2. **Audit cold storage** — Hetzner Object Storage bucket + real
`AUDIT_COLD_*` keys in `platform-api-secrets`; flip `ARCHIVE_ENABLED`.
3. **Backups** — Longhorn → Hetzner Object Storage (`fleet/longhorn/README.md`),
plus host Restic for the mail store + etcd snapshots, plus pg_dump/mongodump
CronJobs.
4. **Stripe live keys** — billing is dark-launched off
(`BILLING_STRIPE_ENABLED: "false"` in the app config).
Done since first build: ✅ Authentik + OIDC blueprints · ✅ Stalwart on the
host · ✅ app tier (incl. operator) · ✅ CI/CD push-to-deploy · ✅ DNS A
records (`api`/`app`/`booking`/`auth`/`mail`/`operator`).dezky.eu.
## Access cheatsheet
- SSH: `ssh dezky@46.4.78.187` (key only).
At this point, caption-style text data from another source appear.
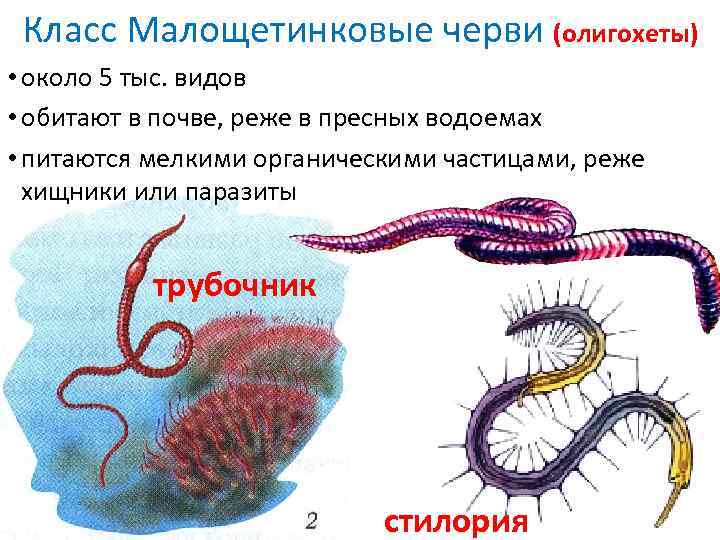 Кольчатые черви названия. Тип кольчатые черви класс Малощетинковые. Тип кольчатые черви класс Малощетинковые черви. Типы малощетинковых червей.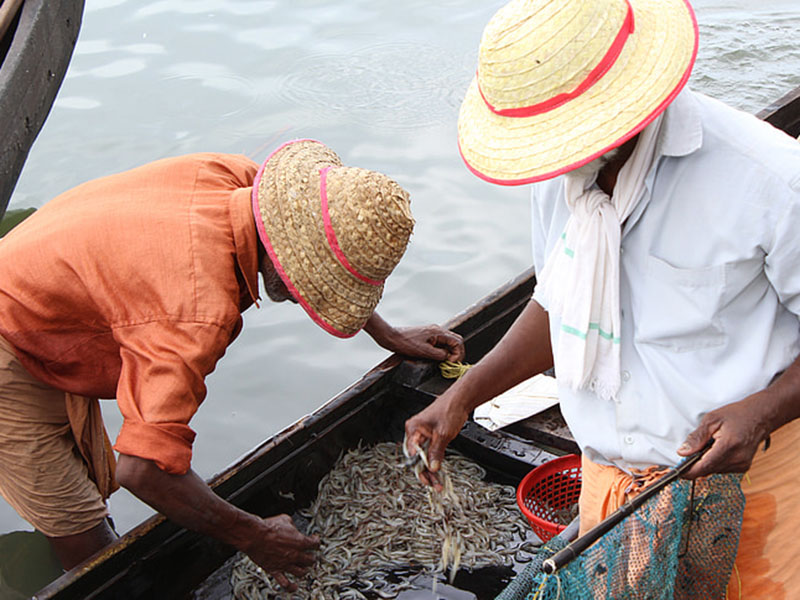 水產養殖業檢測水質的儀器是哪款？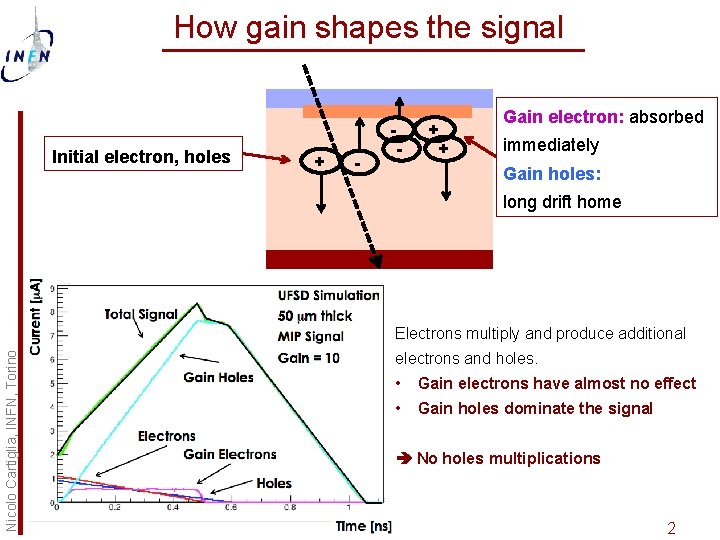 How gain shapes the signal Initial electron, holes + - - + Gain electron:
Root SSH disabled.
- kubectl: works as `dezky` (kubeconfig at `~/.kube/config`).
- Out-of-band if locked out: Hetzner Robot KVM/LARA or Rescue System.
- The `level=warning … 50-rancher.yaml: permission denied` from kubectl is
harmless noise (k3s kubectl probing a root-only config dir).